Así que hay entretenimiento porque no nos podemos permitir el aburrimiento. El aburrimiento es el estado en el cual un ser humano, y solamente un ser humano, sufre una desconexión con su entorno y queda, por lo tanto, en suspenso. El aburrimiento no tiene objetos, precisamente porque se trata de una ausencia de ellos. Nada es interesante en estado de aburrimiento, si entendemos por interés el espacio entre nosotros y lo otro (otras personas, unos objetos), por lo que, aburridos, quedamos sustraídos del ambiente. ¿Qué es lo que le sucede a un niño aburrido? Que nada le atrae. No hay interés. Nada hay en su entorno con lo que establecer conexión y entonces, entre melancólico y colérico (la melancolía, como la tristeza, está en la vecindad del aburrimiento, y la cólera queda cruzando la calle), el niño reclama, pide a gritos algo que se lo conecte de nuevo, que se lo ubique en algún entorno. Clama entretenimiento.
Lo que no advertimos sobre el entretenimiento y, por extensión, en relación con el aburrimiento, es que el primero se trata de conexión a todo lo banal (de eso hablaron los críticos de Frankfurt a mediados del siglo pasado cuando denunciaron los estragos de la industria cultural), mientras que el segundo es des-conexión productiva. Lo insubstancial es banal como la gran parte de los contenidos sin contenido del streaming. El entretenimiento crea entornos (los llaman virtuales) insubstanciales y facilita conexiones rápidas, fáciles. El aburrimiento es des-conexión del entorno y, por lo tanto, potencia. El estado de aburrimiento es de desactivación de toda conexión banal y nos deja en estado de apertura. Pero no es de apertura hacia cualquier cosa: al estar en estado de des-conexión, nos vemos compelidos no solamente a estar con nosotros mismos, idea extraña hoy, sino que nos obligamos a la cercanía con lo inexplorado.
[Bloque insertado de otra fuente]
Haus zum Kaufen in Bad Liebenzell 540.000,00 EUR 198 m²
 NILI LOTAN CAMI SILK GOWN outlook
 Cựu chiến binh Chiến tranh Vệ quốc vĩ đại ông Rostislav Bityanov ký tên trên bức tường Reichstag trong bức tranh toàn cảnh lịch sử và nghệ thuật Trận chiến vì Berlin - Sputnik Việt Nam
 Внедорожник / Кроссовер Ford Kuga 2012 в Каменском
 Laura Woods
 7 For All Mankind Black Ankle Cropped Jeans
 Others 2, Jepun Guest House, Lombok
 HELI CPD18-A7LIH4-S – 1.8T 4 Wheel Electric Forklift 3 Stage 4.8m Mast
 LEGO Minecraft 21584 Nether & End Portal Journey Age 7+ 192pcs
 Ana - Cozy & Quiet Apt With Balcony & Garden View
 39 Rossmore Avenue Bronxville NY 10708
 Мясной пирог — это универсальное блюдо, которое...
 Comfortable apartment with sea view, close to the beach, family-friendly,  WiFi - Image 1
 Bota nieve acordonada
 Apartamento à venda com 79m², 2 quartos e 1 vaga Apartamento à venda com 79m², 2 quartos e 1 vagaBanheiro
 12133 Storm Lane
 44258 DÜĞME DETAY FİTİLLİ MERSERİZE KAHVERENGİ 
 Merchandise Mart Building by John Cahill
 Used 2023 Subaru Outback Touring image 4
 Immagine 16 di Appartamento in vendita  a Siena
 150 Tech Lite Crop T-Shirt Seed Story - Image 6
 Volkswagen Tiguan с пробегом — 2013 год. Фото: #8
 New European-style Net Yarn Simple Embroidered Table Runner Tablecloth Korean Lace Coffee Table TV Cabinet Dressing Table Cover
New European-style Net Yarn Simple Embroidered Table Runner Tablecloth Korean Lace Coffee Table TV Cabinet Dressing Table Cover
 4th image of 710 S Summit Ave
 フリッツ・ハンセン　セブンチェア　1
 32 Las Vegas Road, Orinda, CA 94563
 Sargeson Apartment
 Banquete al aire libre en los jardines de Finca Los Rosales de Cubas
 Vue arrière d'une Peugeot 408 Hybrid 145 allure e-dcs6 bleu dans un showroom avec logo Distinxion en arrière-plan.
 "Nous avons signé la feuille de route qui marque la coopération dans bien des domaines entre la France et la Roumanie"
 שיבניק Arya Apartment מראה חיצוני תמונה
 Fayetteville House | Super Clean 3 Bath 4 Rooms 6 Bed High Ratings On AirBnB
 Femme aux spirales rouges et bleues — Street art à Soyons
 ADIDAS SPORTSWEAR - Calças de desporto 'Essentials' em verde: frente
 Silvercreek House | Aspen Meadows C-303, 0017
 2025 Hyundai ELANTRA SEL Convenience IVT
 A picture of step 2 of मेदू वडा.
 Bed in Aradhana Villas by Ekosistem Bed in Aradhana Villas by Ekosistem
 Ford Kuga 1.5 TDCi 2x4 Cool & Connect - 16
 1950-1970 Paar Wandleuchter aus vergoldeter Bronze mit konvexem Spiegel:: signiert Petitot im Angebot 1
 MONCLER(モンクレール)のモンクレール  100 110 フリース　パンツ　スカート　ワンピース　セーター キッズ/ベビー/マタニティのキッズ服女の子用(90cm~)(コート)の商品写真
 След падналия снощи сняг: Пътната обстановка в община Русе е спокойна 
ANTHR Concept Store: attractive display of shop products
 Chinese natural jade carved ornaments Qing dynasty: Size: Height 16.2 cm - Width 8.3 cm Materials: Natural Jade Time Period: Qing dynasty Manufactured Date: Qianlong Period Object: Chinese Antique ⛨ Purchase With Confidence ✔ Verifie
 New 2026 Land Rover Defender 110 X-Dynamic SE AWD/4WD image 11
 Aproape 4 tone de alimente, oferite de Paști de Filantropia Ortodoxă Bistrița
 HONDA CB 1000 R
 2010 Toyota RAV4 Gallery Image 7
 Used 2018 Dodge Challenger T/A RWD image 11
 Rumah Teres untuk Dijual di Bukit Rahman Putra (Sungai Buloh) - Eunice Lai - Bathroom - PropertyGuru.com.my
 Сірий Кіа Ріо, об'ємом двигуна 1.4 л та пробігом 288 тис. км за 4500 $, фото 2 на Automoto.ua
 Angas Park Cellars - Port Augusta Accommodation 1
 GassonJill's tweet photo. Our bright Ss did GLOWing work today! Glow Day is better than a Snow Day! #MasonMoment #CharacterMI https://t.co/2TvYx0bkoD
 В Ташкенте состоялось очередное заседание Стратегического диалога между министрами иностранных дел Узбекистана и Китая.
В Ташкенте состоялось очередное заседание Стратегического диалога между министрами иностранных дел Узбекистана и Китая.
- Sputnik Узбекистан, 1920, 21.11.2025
El entretenimiento, definido como la puesta en escena de la idiotez humana (y solamente humana) tasada en millones de horas en video de TikTok (y en millones de dólares para los idiotas que las actúan), captura toda nuestra atención hasta aturdirnos; el aburrimiento nos demanda preguntas porque nuestra atención, como nuestra conciencia, no están más capturadas por lo que no tiene sustancia.
Si es nuestro interés hacer resistencia a la banalidad, ejerzamos el legítimo derecho al aburrimiento.